There are three main types of OLAP: MOLAP, HOLAP, and ROLAP. These categories are mainly distinguished by the data storage mode. For example, MOLAP is a multi-dimensional storage mode, while ROLAP is a relational mode of storage. HOLAP is a combination of multi-dimensional and relational elements.

What is the conclusion of OLAP? ›

OLAP enables users to search and filter data easily, facilitating quick and targeted analysis. OLAP serves as a foundation for business modeling, data mining, and performance reporting tools. OLAP empowers users to perform slice and dice operations, exploring data from different dimensions and perspectives.

Do we need OLAP? ›

Consider OLAP in the following scenarios: You need to execute complex analytical and ad hoc queries rapidly, without negatively affecting your OLTP systems. You want to provide business users with a simple way to generate reports from your data.

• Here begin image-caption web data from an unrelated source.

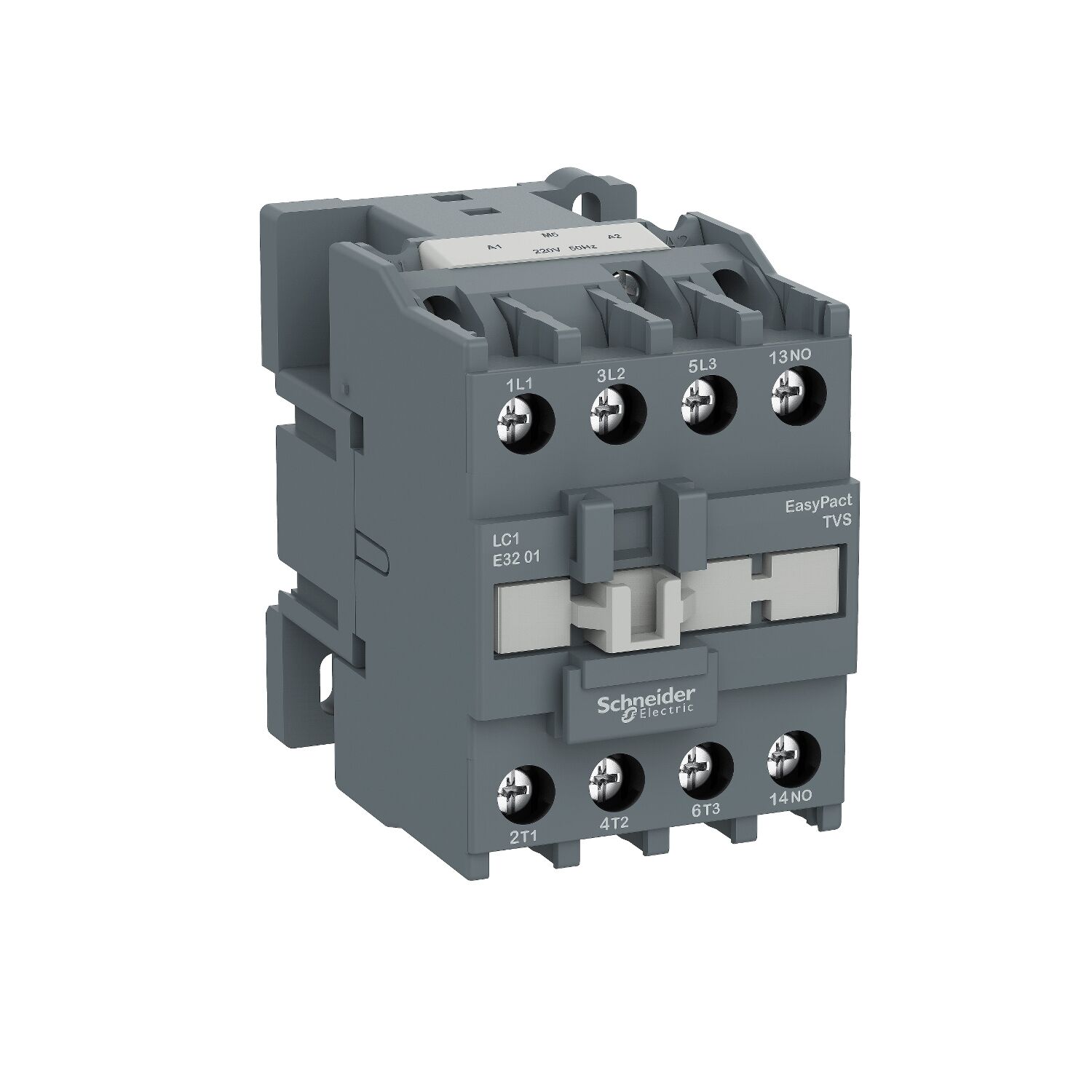 Schneider Electric LC1E3201B5 Easypact Tvs Kontaktör 3P 32A 24Vac 50Hz 1Nk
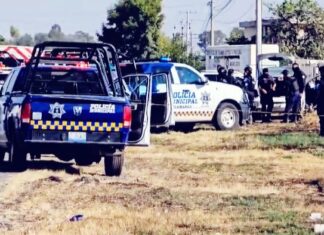 POLICIA MUNICIPAL DE IRAPUATO ATIENDE REPORTE DE DETONACIONES Y C4 COORDINA DETENCIÓN DE DOS IMPLICADOS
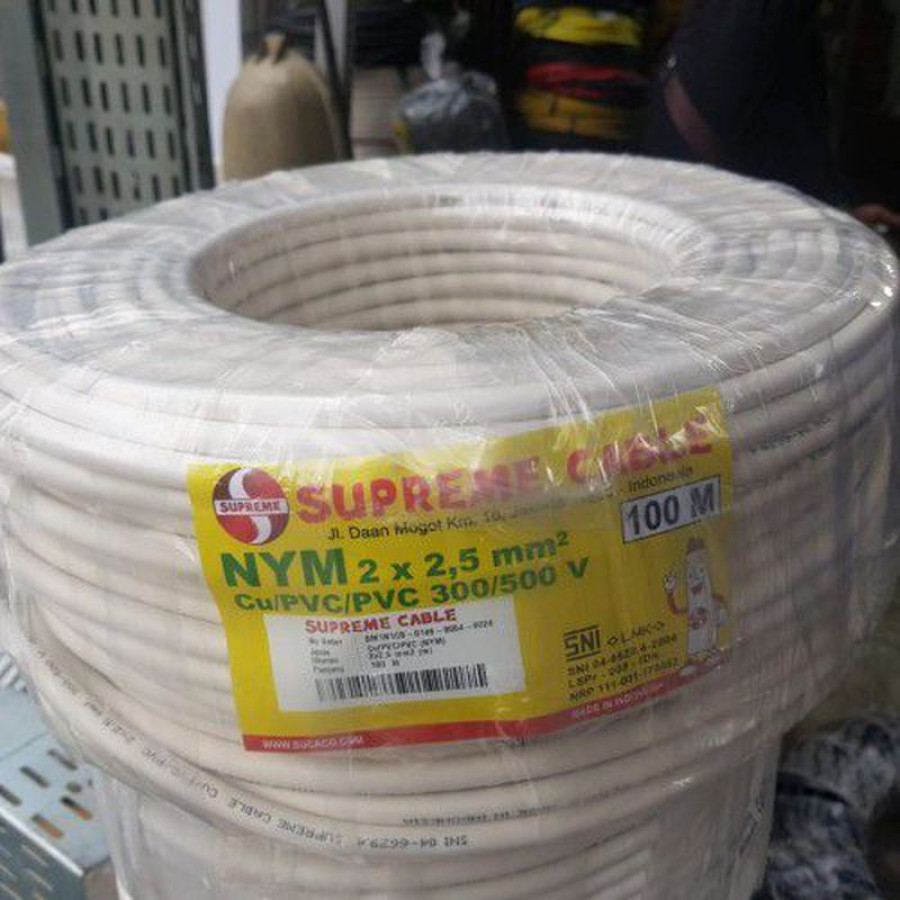Kabel NYM Supreme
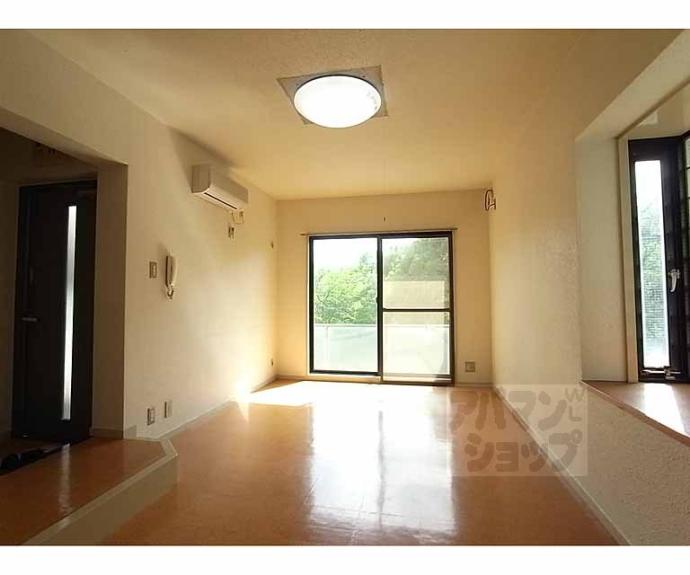 【上賀茂FLAT】間取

Which companies use OLAP? ›

Companies Currently Using Oracle OLAP
Company NameWebsiteSub Level Industry
U.S. Cellularuscellular.comTelephony & Wireless
VOISdvois.comSoftware Manufacturers
National General Insurancenationalgeneral.comInsurance
Port of Seattleportseattle.orgMarine Shipping & Transportation
2 more rows

Is OLAP better than OLTP? ›

When to use OLAP vs. OLTP. Online analytical processing (OLAP) and online transaction processing (OLTP) are two different data processing systems designed for different purposes. OLAP is optimized for complex data analysis and reporting, while OLTP is optimized for transactional processing and real-time updates.

Is OLAP necessary? ›

The main advantage of OLAP is the speed of query execution. A correctly designed cube usually processes a typical user query within 5 seconds. The data will always be right at your fingertips to refer to while there is a necessity to rapidly take an important decision.

Top Articles
Latest Posts
Article information

Author: Sen. Ignacio Ratke

Last Updated:

Views: 6082

Rating: 4.6 / 5 (76 voted)

Reviews: 83% of readers found this page helpful

Author information

Name: Sen. Ignacio Ratke

Birthday: 1999-05-27

Address: Apt. 171 8116 Bailey Via, Roberthaven, GA 58289

Phone: +2585395768220

Job: Lead Liaison

Hobby: Lockpicking, LARPing, Lego building, Lapidary, Macrame, Book restoration, Bodybuilding

Introduction: My name is Sen. Ignacio Ratke, I am a adventurous, zealous, outstanding, agreeable, precious, excited, gifted person who loves writing and wants to share my knowledge and understanding with you.